笑い、そして泣いた2試合だった。今季6月のツアー選手権森ビル杯で初優勝を飾った市原弘大(フリー)。開幕時点では日本のシードも持っていなかった36歳は、この1勝で2つの大舞台への切符をつかんだ。

 2年ぶり3度目となる7月の全英オープン(カーヌスティ・リンクス)。いきなり大変だった。過去2度悩まされたロストバゲージを免れたと思ったら、目的を伝えた入国審査で怪しまれた。「君は本当に全英オープンに出るのか?」。持っていたエントリー関連の書類を見せると、ようやく信じてもらえた。そんなひと幕も「オーラがないから仕方ない」と言って笑い飛ばす。大会は第1日の78が響いて通算8オーバーの118位で予選落ち。「飛距離という面ではすごく差があると思うけど、それ以外の部分、方向性だったり、戦えなくもないところもあった。やりようはある。まだまだ自分でうまくなれるかなって思いもある。頑張りたい」と、やはり笑顔で出直しを誓った。
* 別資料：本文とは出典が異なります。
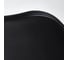 Стул Tetchair tulip mod. 73 дерево/пластик/пу, 485x525x830 мм, черный 14210 7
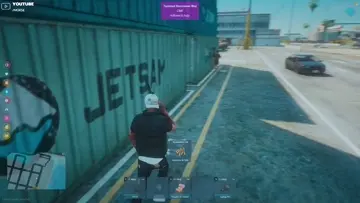 se tradearon y terminaron 1vs1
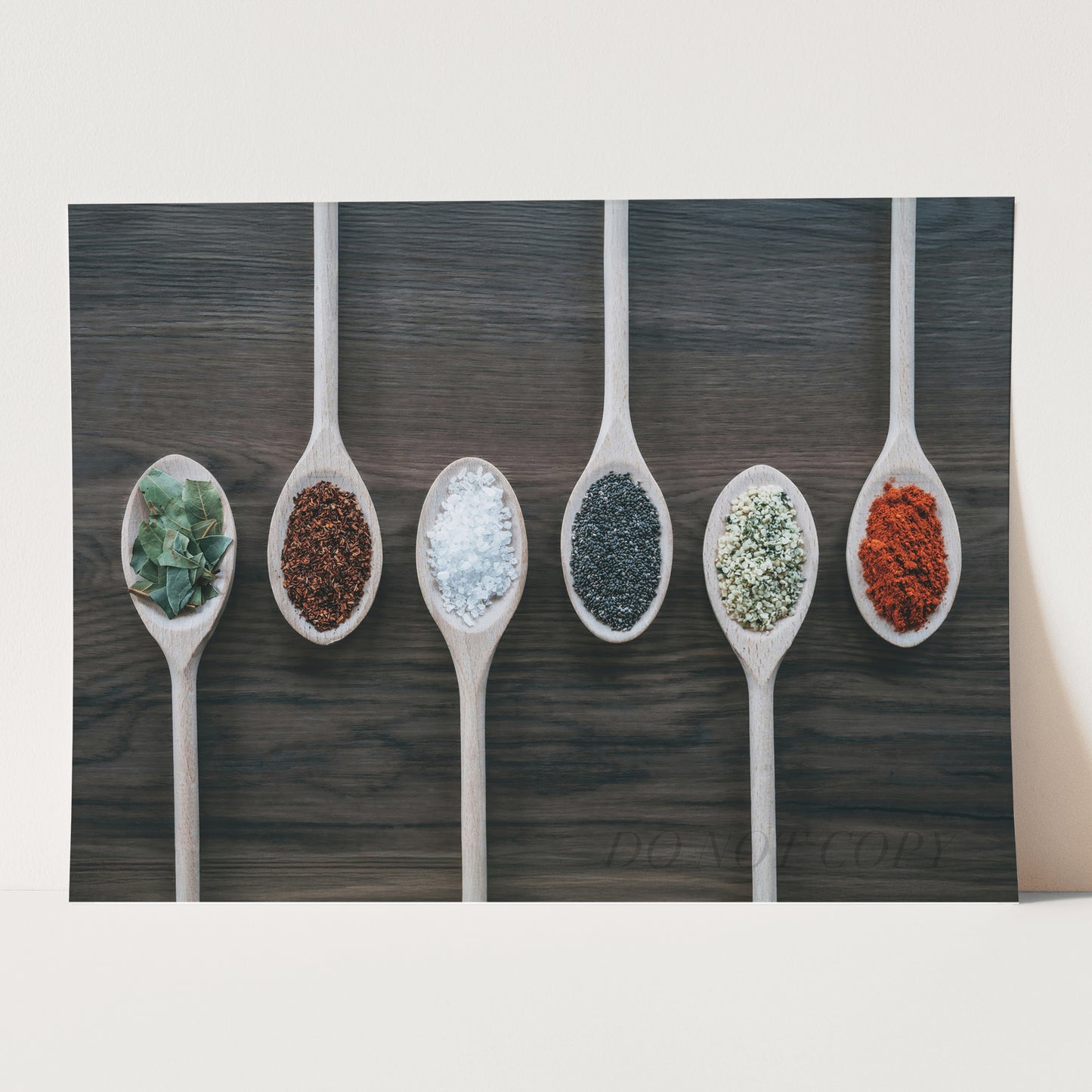 Spices and Spoons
 英国から世界ジュニアに出場した高校生の時以来という米国へ直接飛び、中1週で初出場した世界選手権シリーズのブリヂストン招待(オハイオ州)。54ホールを終えて71人中71位。最下位で迎えた最終日は早朝スタートの第1組を1人で回った。初アンダーパーとなる「68」をマーク。「こんなスコアでもいいショットには拍手をくれるし、途中からは何人か子どもたちがついてきてくれた」と69位フィニッシュにも現地のギャラリーは温かかった。
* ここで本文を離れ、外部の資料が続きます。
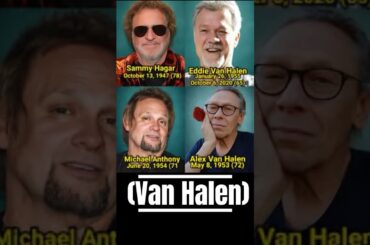 Sammy Hagar Half Italian, Full Party! 🍷🇮🇹 #VanHalen #italy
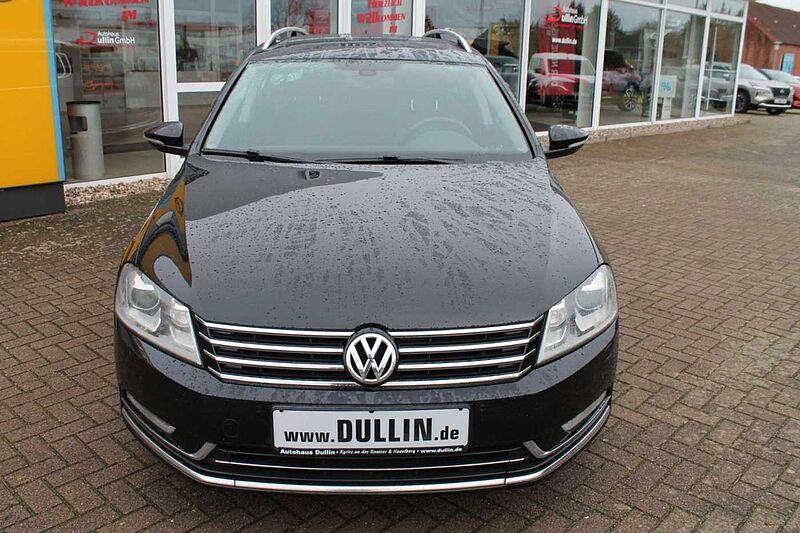 Volkswagen Passat Variant Highline BlueMotion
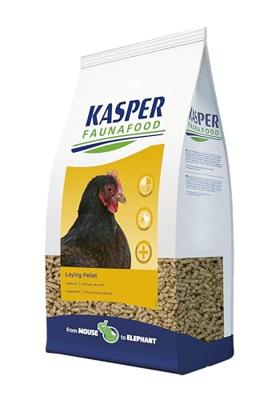 KASPER FAUNAFOOD HOBBYLINE LEGKORREL 4 KG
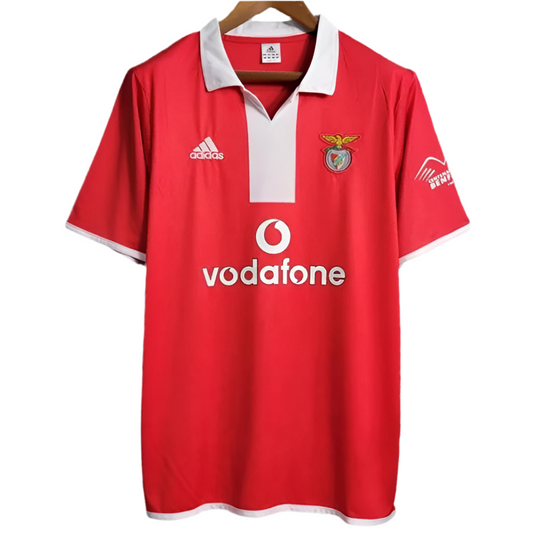 04/05 Benfica Away kit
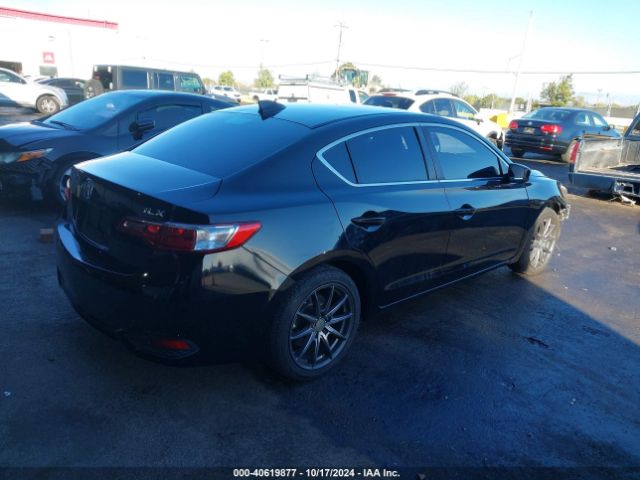 19UDE2F71HA014421 Acura Ilx Premium Package/technology Plus Package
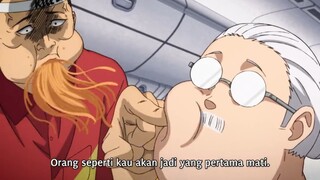 Sakamoto days S2 ep 6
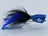 Popper Blue Black White Eye - DNA FISHING TACKLE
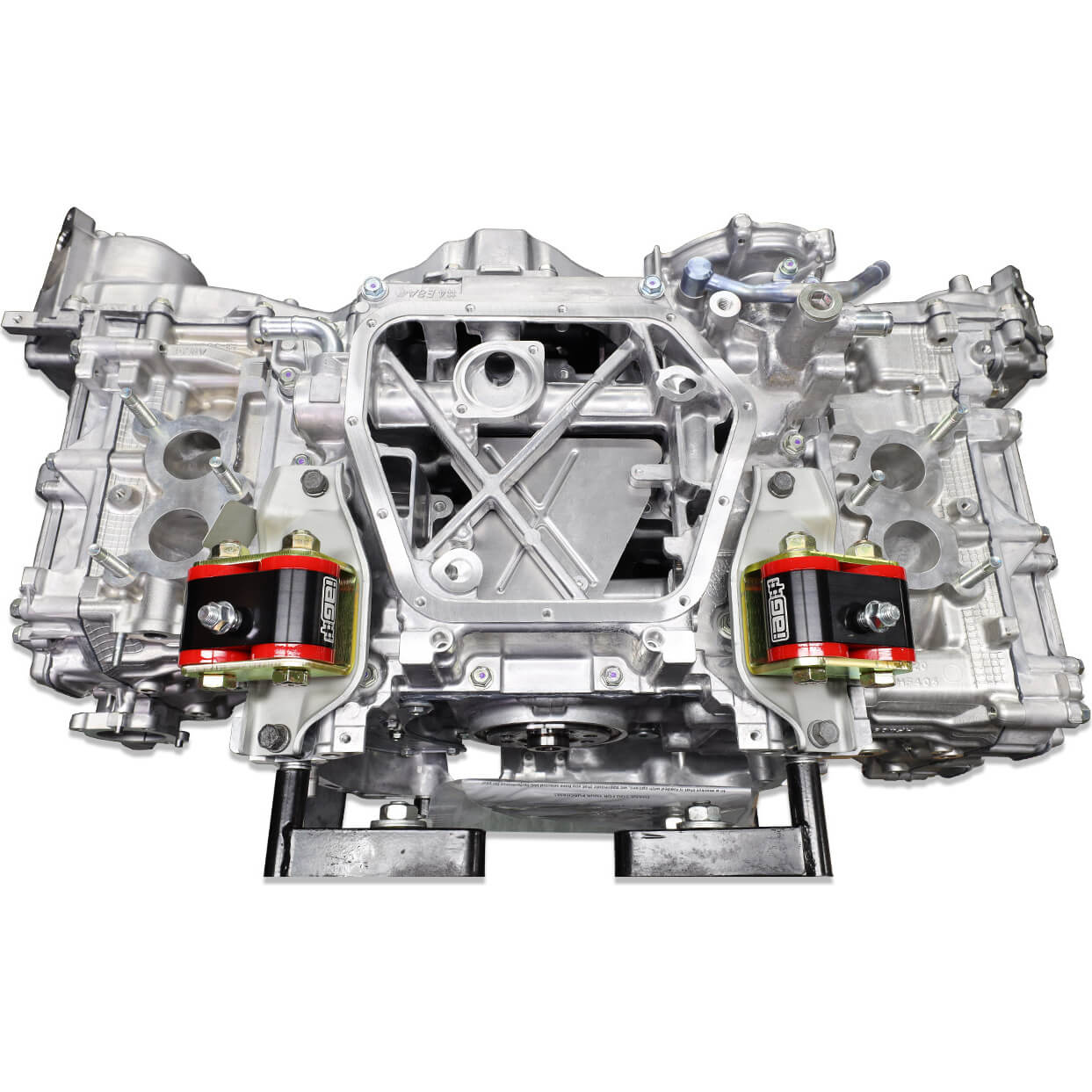 IAG Engine Mounts (Competition Series w/ Brackets), 2015-2021 WRX - Angle 3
 「やっぱり、終わるとダメだ…」。トレードマークの笑顔を絶やさなかった4日間を戦い抜くと、涙があふれた。開幕前日、ジュニア時代に指導を受けた千葉晃氏(享年73)の訃報に接していた。幼少期、雑誌でジュニアレッスン連載をしていた千葉氏にゴルフの手ほどきを受けた。最後に顔を合わせたのは、ツアー選手権の優勝報告をするために入院先の病院を訪問した時だった。「覚悟はできていたんですけど、いざ亡くなってみると…。1人で回っていると、何か(千葉氏と)一緒にいるような、見てくれているんじゃないかなって思ったりした。そういう思いがあったから、こういうスコアでも最後までしっかり頑張れた」と神妙に言った。

 かつてはアジアツアーを中心に海外を積極的に転戦。「増刷した10年用パスポートの中身も、9割方アジアの(出入国)スタンプで、ごくまれにヨーロッパ。何か、ヤバイ仕事みたいですよね」と冗談めかす。5年シードを得た今、再び目を向けている。「アジアのシードをもう1度取って、そこからヨーロッパとのジョイント(共催大会)に出て、(世界選手権シリーズの)HSBCとかマレーシアの(米ツアー)CIMBとかに出るチャンスをつかんで…。地道に、順を追って、目標をぶらすことなくやりたい」。状況次第では、アジアツアーのクオリファイングトーナメント(QT)を受けることも考えているという。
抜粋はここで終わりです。